After announcing it had cooked up its own fast data center switch called Wedge in 2014, Facebook last week announced its engineers have now designed an even faster, next-generation switch. The first Wedge was a 40 Gigabit Ethernet switch, but the second one pushes 100 Gigs – an extremely high bandwidth for a switch of its type.
In addition to its bandwidth, however – you can get a 100-Gig switch from the likes of Cisco or Juniper – one of Wedge’s distinctive features is that it is software-agnostic. It is the first time Facebook applied its philosophy of disaggregation, used in its custom server designs, to networking. Wedge disaggregates networking hardware from networking software, which is something incumbent data center network vendors have started doing only recently.
The point of disaggregation is being able to advance individual system components independently of the system. The first step toward disaggregating the network, separating hardware from software, was meant to “spur the development of more choices for each,” Facebook engineers wrote in a blog post last year, when the company announced the first Wedge switch and FBOSS, its Linux-based network operating system that allows its data center operators to manage network switches using tools that are similar to the tools they use to manage compute and storage.
Now, as the company designed its second Wedge, as well as the Wedge-based high-capacity aggregation switch, called Six Pack, it is seeing the benefits of that disaggregation come to life. It is designing more powerful hardware independently of software.
The same FBOSS software runs on Wedge 40, Six Pack, and Wedge 100, Jay Parikh, Facebook’s VP of engineering, said at the Structure conference in San Francisco last week. Switch software development is at Facebook is now on a separate cycle from switch hardware development, he said.
The company developed FBOSS to handle the weekly rate of feature roll-outs and bug fixes, Facebook engineers Zhipping Yao and Jasmeet Bagga, wrote in a blog post last week. One of the key capabilities that support that is being able to update thousands of switches without traffic loss that could lead to outages.
The custom-built tool that deploys weekly FBOSS software updates across the network is called fbossdeploy and modeled after the company’s software load balancer Proxygen. It deploys code to a small set of switches first, and the team monitors them for problems before deploying at full scale.
The software stack running on a Wedge switch is fairly similar to the one running on compute servers in Facebook data centers. Both have the Linux kernel, system tools and libraries, monitoring daemons, and configuration management.
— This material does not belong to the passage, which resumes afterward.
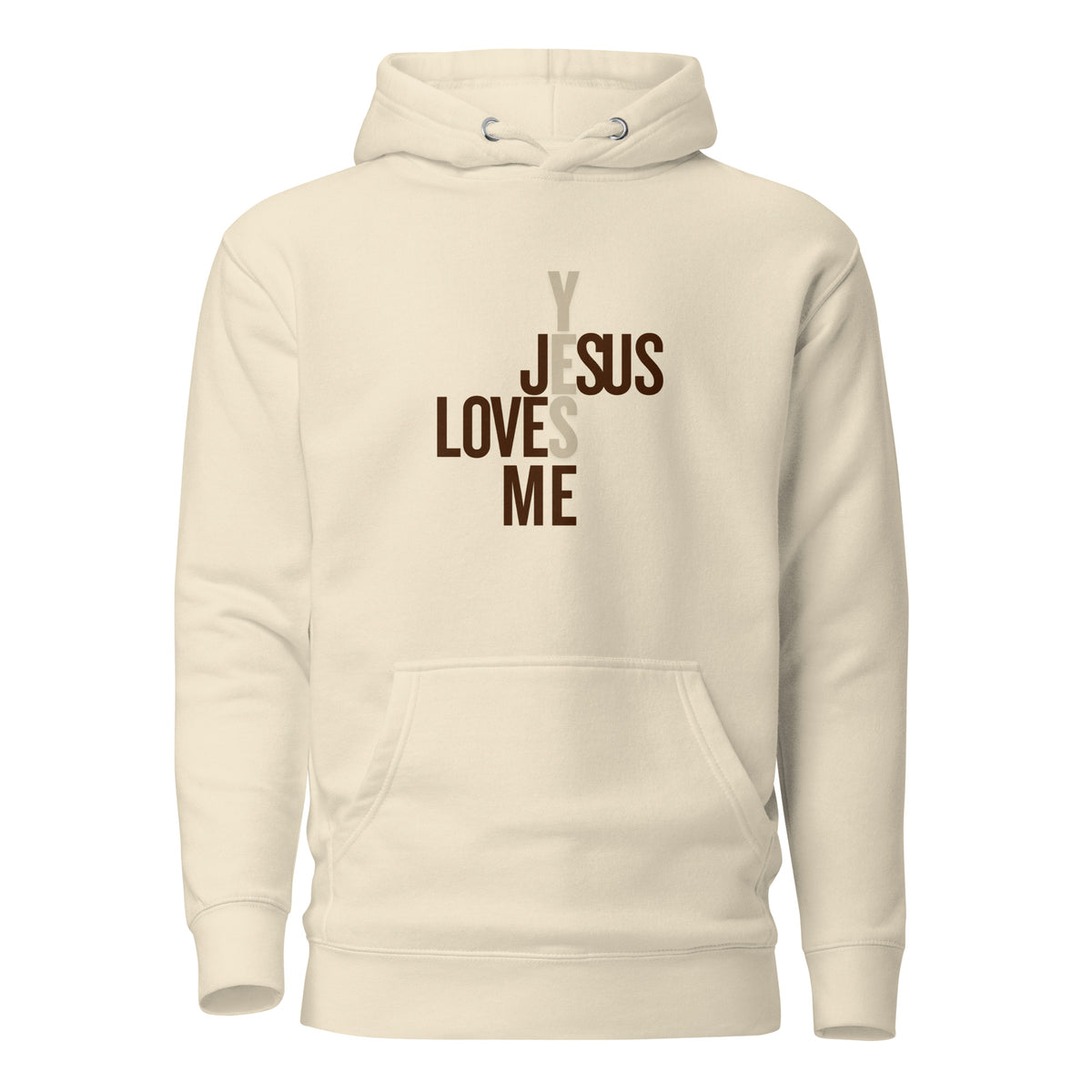 Adult Unisex Hoodie, Yes Jesus Loves Me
In addition to those components, the network stack has a routing daemon and an FBOSS agent.
There are now thousands of Wedge 40 switches running in production in Facebook data centers, and the goal is to have Wedge switches replace every top-of-rack switch in the company’s infrastructure. In an emailed statement, the company also said it has “hit the limits of what 40 Gbps switches can handle,” so the next step is to complete and start deploying the 100-Gig, 32-port Wedge.